What’s Up in Walla Walla? Wine Tourism

downtownwallawallaWalla Walla has become an important wine center and an exciting place to visit, but it wasn’t always that way. When Sue and I first came here years ago you could count the wineries on one hand and Main Street, which really was the main street of the town, was strictly for locals and their everyday needs. If there was a destination address on Main Street it might have been Brights Candies or the historic theater across the street.

Walla Walla’s business was agriculture back them –wheat, peas, and the famous sweet onions — and the banks and suppliers that farmers need to get along.  A state prison and prestigious Whitman College — an unlikely combination — were the urban anchor bookends.

The farms are still there and still very important and so are the prison and the college, but what draws thousands of tourists to Walla Walla today are wineries and vineyards.  Sue and I paid a quick visit to the valley in the middle of the week shortly after Labor Day and here’s what we found.

Urban Wine Village

Although the buildings look the same from the outside, downtown has been transformed by wine tourism. It is possible to spend a few days enjoyably tasting wine just by meandering up and down Main Street and its tributaries, without every getting into a car or walking too far from your hotel.

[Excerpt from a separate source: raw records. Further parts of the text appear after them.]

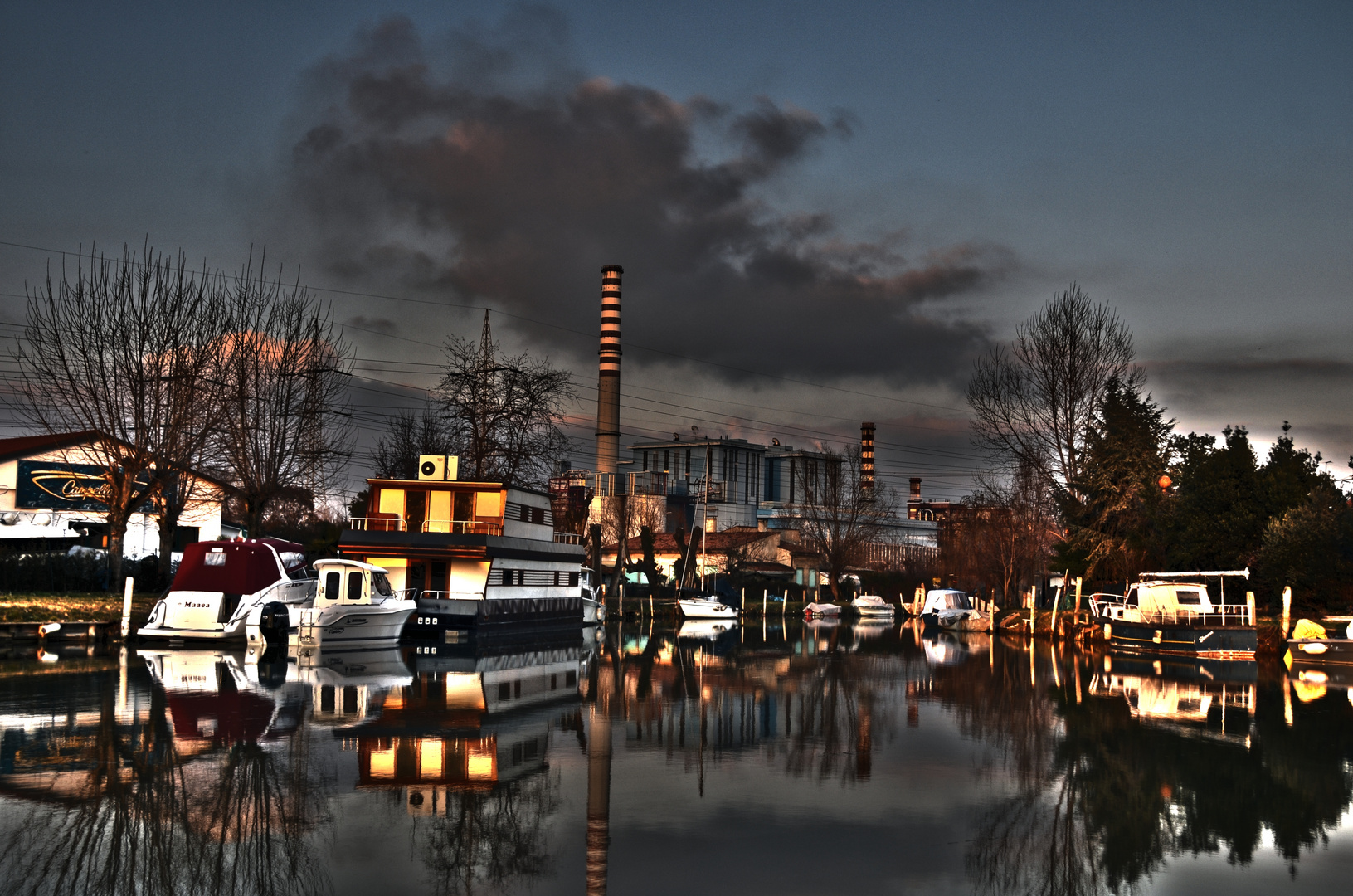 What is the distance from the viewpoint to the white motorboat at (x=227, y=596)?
32.2 m

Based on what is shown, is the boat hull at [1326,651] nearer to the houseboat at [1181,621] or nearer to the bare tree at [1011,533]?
the houseboat at [1181,621]

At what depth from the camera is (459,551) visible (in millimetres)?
39344

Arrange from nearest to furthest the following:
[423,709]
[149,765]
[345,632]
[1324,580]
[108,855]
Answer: [108,855], [149,765], [423,709], [345,632], [1324,580]

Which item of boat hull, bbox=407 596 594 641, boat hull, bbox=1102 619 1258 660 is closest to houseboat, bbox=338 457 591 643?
boat hull, bbox=407 596 594 641

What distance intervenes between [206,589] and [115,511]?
7.48 meters

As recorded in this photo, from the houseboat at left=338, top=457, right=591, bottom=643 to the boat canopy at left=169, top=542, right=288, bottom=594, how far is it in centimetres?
405

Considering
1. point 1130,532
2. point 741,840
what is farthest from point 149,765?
point 1130,532

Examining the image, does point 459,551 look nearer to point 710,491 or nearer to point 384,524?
point 384,524

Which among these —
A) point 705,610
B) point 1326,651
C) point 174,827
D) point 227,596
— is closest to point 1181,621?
point 1326,651

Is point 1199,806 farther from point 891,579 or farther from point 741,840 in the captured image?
point 891,579

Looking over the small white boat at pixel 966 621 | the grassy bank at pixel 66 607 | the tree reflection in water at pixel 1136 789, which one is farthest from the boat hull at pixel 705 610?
the tree reflection in water at pixel 1136 789

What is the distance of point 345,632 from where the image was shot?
32.8 metres

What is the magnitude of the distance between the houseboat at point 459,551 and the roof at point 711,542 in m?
46.7

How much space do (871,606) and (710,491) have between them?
144 feet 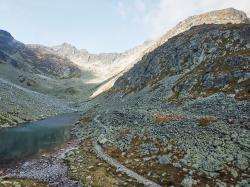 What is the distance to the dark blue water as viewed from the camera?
2758 inches

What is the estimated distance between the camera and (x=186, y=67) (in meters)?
118

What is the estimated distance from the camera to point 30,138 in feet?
280

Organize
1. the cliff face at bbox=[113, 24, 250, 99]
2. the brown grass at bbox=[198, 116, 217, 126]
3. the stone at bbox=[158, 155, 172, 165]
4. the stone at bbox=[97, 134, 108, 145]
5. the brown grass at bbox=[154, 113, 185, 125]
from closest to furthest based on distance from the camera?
1. the stone at bbox=[158, 155, 172, 165]
2. the brown grass at bbox=[198, 116, 217, 126]
3. the brown grass at bbox=[154, 113, 185, 125]
4. the stone at bbox=[97, 134, 108, 145]
5. the cliff face at bbox=[113, 24, 250, 99]

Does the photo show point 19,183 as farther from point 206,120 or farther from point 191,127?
point 206,120

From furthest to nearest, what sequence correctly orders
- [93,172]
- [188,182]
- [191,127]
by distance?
[191,127], [93,172], [188,182]

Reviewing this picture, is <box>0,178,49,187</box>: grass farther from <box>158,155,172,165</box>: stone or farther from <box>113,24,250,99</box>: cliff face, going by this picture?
<box>113,24,250,99</box>: cliff face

Winery tasting rooms line the streets along with restaurants, cafes, tourist shops … and Brights Candies.  Strolling on a weekday afternoon watching people sitting at sidewalk tables sharing bottles of wine presents a scene that could not have been imagined twenty years ago.  As the sun went down, lights and music came up and people of all ages appeared — seniors, families with children, college students. Lots of dogs, of course. A nice mix.

With so many tasting rooms in just a few blocks, product differentiation is important. Cayuse, the ultimate local allocation-list cult wine, is famous for having a brightly painted tasting room  … that never seems to be open. How exclusive is that? Other wineries keep their doors open as much as they can because direct-to-consumer sales and wine club commitments are critical to their economic sustainability.

One tasting room featured wine slushies as a way to stand out in the crowd. Kinda like a Slurpee at 7-11, I guess, but with alcohol from the wine base. Didn’t try it but I wouldn’t entirely rule it out on a 90-degree August day. Something for everyone.

Slowly then Suddenly: Critical Mass

A successful wine tourism sector requires a critical mass of visitors, tasting rooms, accommodations, food, and drink, which have all slowly and then suddenly come together on Main Street. Or at least that’s how it feels to us, and this is backed up by a 2019 economic impact study (pdf here).

Although many of the visitors surveyed indicated that they first came to Walla Walla ten or more years ago like us, nearly a quarter only made their initial visit in the last two years  (see table II-11). And they returned because there is so much to do, see, and taste. Impressive.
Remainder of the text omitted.